My first couple of runs with it were pretty good....the harvested yeast had been sitting in the fridge for a few months and I don't think it was viable enough and/or a weak starter have caused the problems. Just finished off the keg and will be laying another IPA down in the next few days.....1056 on the stirplate!
yeah, mine sat in the fridge for a while as well before the second one but I made a pretty strong starter or so I thought anyways. Low viability probably enhanced the problem. In anycase, it doesnt have any advantage over the other US yeast strains i think.
Pours really hazy/murky, def not chill haze, id maybe put it down to yeast haze?? It definately doesnt go away when the beer warms up, if youve had trouble with the ferment sometimes the yeast can take ages to flock... Or what could have also happened is when you recultured you got more lazy cells than healhty ones?? Not sure...

It has a nice hop aroma of tropical fruit and passionfruit, but theres some interesting yeast character on the nose, allthough I dont find it undesirable! It just adds an extra element of complexity... Maybe a bit of alcohol coming through as it warms up? Im starting to get more of the bubblegum aroma as well!

Nice firm bitterness and good mouthfeel, not as much hop flavour as I was expecting, but the yeast could have stolen it? I remember trying your 1332 West Coast blonde and it played with the hops in a similair way, nice malt flavours coming through...

Overall its a good beer, it just seems to have not got the best fermentation, which happens... Cheers mate ;o)
I really like the aroma of this beer, nicely balanced. First off I get a big chunky biscuity malt character from the MO and Vienna and some touches of caramel coming through. This fades kinda quickly and the hops start to put out. Fruity, resiny, a little piney and spice. Fruitiness is kinda like sticking my nose in a just juice bottle or a bag of starbursts or something.

Flavour stacks up too. Sweetish caramel start that blends nicely into a crispish and slightly dry bitter finish. Nice fruity hops through the middle. The simcoe really shines in this beer I reckon.

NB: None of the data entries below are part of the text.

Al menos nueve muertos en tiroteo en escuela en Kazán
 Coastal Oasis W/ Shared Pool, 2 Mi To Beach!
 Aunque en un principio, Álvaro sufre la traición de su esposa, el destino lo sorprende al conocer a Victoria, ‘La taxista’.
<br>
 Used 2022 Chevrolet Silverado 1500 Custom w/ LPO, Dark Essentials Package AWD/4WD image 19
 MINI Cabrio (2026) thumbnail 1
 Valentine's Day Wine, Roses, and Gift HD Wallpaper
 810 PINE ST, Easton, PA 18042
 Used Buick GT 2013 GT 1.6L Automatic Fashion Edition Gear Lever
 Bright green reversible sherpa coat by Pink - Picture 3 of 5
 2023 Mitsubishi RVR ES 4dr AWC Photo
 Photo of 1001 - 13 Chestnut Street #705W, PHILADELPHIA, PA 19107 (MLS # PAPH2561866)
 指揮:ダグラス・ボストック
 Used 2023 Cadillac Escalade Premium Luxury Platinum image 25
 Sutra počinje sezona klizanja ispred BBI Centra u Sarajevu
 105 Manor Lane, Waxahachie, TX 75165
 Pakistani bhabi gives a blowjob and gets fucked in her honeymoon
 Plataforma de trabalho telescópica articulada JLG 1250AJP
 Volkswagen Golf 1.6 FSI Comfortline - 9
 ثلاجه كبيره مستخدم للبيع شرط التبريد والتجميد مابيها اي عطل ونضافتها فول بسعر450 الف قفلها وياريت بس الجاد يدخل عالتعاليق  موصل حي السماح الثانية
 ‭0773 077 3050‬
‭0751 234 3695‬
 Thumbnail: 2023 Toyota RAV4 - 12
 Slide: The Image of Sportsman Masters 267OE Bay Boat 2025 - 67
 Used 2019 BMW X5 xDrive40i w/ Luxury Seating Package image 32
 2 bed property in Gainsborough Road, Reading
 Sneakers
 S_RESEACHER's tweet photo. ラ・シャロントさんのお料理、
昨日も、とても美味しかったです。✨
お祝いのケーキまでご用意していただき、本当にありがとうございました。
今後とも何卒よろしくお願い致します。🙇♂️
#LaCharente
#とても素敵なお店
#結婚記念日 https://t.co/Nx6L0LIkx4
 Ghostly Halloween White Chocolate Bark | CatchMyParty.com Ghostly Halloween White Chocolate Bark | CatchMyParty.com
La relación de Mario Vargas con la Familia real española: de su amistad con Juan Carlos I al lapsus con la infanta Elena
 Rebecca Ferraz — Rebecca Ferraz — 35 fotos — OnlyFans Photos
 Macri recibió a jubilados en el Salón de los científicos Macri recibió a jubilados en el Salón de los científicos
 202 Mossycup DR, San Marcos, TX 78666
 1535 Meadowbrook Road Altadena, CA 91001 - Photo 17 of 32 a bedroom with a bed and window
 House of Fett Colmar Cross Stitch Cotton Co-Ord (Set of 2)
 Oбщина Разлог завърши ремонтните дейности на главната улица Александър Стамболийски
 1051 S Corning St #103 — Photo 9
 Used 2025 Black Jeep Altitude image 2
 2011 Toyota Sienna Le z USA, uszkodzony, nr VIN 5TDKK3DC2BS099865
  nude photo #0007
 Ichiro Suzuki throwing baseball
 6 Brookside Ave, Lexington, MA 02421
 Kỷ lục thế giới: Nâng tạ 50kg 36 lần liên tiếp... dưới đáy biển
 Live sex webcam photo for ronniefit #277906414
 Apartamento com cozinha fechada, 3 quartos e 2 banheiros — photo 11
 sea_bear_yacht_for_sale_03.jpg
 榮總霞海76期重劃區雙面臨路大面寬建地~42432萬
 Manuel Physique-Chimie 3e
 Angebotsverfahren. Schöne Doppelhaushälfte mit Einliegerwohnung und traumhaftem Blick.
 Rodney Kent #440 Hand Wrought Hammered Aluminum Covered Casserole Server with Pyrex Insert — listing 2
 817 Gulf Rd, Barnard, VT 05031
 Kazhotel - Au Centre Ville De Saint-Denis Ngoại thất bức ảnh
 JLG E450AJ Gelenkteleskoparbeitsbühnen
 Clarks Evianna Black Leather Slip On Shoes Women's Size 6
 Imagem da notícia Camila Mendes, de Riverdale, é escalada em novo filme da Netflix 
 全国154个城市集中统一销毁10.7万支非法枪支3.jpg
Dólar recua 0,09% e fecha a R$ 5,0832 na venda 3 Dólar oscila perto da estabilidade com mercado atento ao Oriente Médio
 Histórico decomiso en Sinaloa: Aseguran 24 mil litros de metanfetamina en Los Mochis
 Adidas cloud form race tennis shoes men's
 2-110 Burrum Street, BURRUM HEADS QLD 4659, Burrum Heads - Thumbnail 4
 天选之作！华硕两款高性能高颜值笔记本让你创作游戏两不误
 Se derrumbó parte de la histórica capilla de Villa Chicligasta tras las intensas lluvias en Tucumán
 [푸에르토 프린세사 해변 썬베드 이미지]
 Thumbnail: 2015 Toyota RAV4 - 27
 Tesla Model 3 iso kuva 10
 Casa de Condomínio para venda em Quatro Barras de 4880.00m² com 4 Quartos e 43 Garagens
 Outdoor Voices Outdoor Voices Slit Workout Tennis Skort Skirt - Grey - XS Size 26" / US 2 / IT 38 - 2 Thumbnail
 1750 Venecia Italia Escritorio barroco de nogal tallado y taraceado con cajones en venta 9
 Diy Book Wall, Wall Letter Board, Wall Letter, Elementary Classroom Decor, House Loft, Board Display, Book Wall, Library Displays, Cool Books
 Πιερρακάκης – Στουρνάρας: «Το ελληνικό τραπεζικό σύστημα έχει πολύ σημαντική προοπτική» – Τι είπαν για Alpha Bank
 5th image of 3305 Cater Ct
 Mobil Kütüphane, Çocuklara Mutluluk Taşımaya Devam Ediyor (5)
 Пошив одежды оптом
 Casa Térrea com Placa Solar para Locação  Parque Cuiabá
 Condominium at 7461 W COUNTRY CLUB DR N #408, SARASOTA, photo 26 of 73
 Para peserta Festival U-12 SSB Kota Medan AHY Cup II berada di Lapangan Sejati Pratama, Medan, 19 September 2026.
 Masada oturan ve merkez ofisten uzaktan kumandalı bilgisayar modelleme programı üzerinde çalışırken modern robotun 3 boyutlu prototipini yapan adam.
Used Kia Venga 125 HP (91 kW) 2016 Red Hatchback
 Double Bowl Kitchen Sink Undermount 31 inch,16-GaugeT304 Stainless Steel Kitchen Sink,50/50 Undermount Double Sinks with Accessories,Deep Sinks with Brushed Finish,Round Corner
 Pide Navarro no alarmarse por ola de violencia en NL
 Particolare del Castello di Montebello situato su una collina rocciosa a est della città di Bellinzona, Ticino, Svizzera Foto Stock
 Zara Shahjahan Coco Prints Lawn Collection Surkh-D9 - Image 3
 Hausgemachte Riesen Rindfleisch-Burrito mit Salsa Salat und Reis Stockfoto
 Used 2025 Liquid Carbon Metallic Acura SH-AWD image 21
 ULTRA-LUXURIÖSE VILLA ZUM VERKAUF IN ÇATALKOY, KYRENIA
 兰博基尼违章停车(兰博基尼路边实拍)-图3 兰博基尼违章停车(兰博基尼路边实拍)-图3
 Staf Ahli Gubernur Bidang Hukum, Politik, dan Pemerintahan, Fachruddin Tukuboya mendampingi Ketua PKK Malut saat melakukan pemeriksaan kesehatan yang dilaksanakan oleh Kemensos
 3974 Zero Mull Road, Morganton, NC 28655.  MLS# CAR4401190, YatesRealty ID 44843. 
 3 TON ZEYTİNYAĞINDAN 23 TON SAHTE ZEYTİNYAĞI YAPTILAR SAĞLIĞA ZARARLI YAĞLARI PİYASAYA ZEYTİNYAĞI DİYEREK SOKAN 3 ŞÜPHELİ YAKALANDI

Good fluffy head and retention too, clear as mud but everything else makes up for it by far.

Awesome, awesome beer bro, brew strong!
lol funny we must be drinking it at the same time ;o)
Awww we're beer buddies, cute.

Haha.
Bro drinking the bottle of APA you gave me right now.

Nice refreshing citrus hop aroma without being too in-your-face, very drinkable, . Some caramel and biscuity toastiness too.

Flavour is on par with the aroma, drinkable as.

Cheers!
Cheers. Keg blew last night...have a slightly tweaked version in the fermenter!
This is a really lovely big hoppy amber ale struggling to be found with the haze and husky astringency of a process problem. Joking comments point to one possible problem. I actually wondered about your sparging and water treatment as I got a harsh huskiness. Would be good to know more about that area rather than assuming anything.

Keep up the good work in other departments because as I say there is a showstopping beer underneath that just fell over... like Liam Finn does now and then.